Why Habits Feel Hard
Habits feel hard because they’re “boring.” Though I think they can be quite interesting…
Yet they do not come with instant results and most people around you aren’t cheering you on each day as you complete the task at hand…They are quiet, relentless, intentional acts (or not intentional…)
And that is why many don’t think habits matter or they abandon them…people wait for motivation instead of building systems.
Motivation is unreliable. Habits are infrastructure.
The 1% Rule Changes the Game
I read a book, Atomic Habits…love it, buy it, put it on the bookshelf, revisit it (I have over the years)…
Improving 1% per day sounds insignificant. It isn’t.
Small improvements compound.
- Over weeks → noticeable
Over months → meaningful
Over years → life-altering
The goal is progress. Especially in a world overflowing with shiny objects, noise, and distraction, progress is everything. Not massive leaps. Tiny steps. Taken consistently.
Action Relieves Anxiety
Most anxiety comes from inaction. From knowing what you should do…and not doing it. Hence to my points above, I know when I am intentional about habits and how I feel and when I just let my ‘driver’ take over and get ‘complacent…’
You don’t need clarity before action. You get clarity from action.
Send the email. Take the walk. Write the first sentence. Drink the water. Give up what is not serving you or people that are not…
Motion creates momentum. Momentum creates confidence.
Let Your Habits Shift with Your Season
One of the most freeing realizations I have had over my 40+ years of life now…Your habits are allowed to change. SEASONS OF LIFE. You change, your habits can too…
I had a few seasons of intense career building and that required different habits than a season of family focus…I have had a few seasons of recovery versus acceleration.
At first it was hard…because I like structure and rigid frameworks at times.
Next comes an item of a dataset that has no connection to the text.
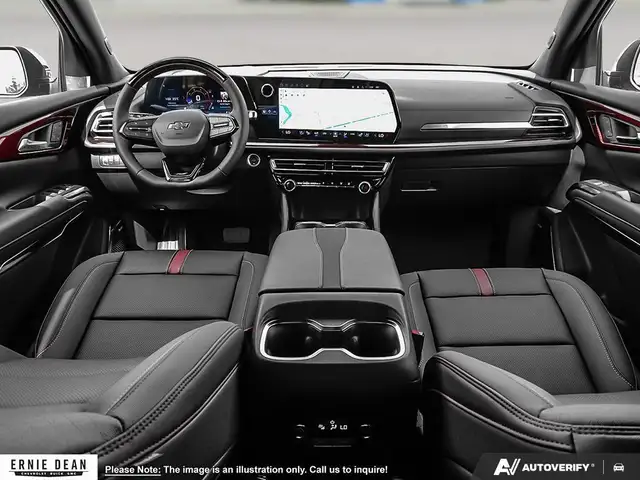 2026 Chevrolet Traverse RS - Photo 21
Yet, that wasn’t always aligned with the season I was in…
The goal is not rigid consistency.
As I get older…I get ‘wiser’ and I do a check in…“What does this season of my life require from me?” Then I try to be more mindful each season to build habits that support that answer.
Inputs First. Always.
One quote that continues to stick with me:
“Procrastinating is choosing to delay a better future. It is choosing to ignore the results you could be having. Fix the inputs and the outputs will fix themselves. Time is precious.” — James Clear
Stop obsessing over outputs. Start respecting inputs. Outputs take care of themselves. LOVE IT.
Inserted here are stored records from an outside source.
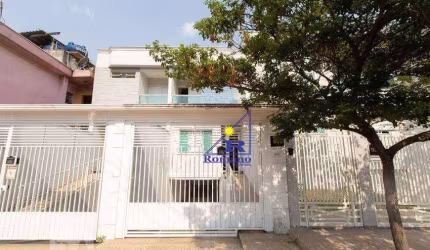 Sobrado com 3 dormitórios à venda, 194 m² por R$ 975.000,00 - Vila Carrão - São Paulo/SP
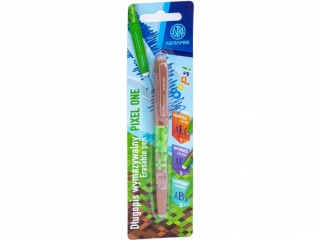 Dugopis wymazywalny ASTRAPEN Oops 0,6mm Pixel One - blister 1szt.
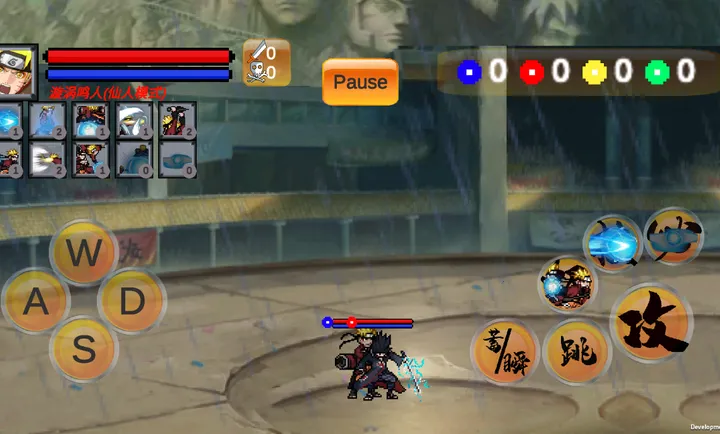 mugen��Ӱ�Ҷ�2026�ٷ����°汾v0.24 �ֻ����ͼ2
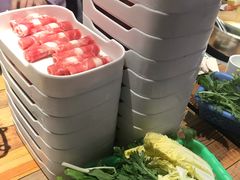 -蒙肥羊·酸汤潮牛·鲜牛肉火锅烤肉自助(岗顶店)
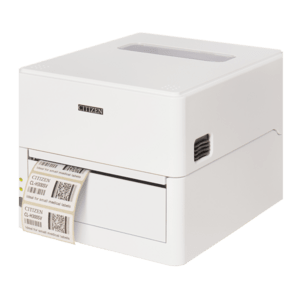 [cith300 – CLH300SVXEWNXXA] Citizen CL-H300SV, 8 pts/mm (203 dpi), USB, blanc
From Afterthought to First Thought
Intentional thinking didn’t become my first thought because I suddenly became more disciplined in this season…It became my first thought because I built habits that created space:
- Space to pause
- Space to think
- Space to choose
I am working on it daily with small habits. Simple habits. Unsexy habits…But powerful ones.
That is my win. Not a perfect life. Not a finished version of myself. It is a daily pattern that quietly moves me closer to who I want to become.
One small INTENTIONAL choice at a time.

Jim McNeese
Another amazing post babe. Super proud of you. Keep up the good work.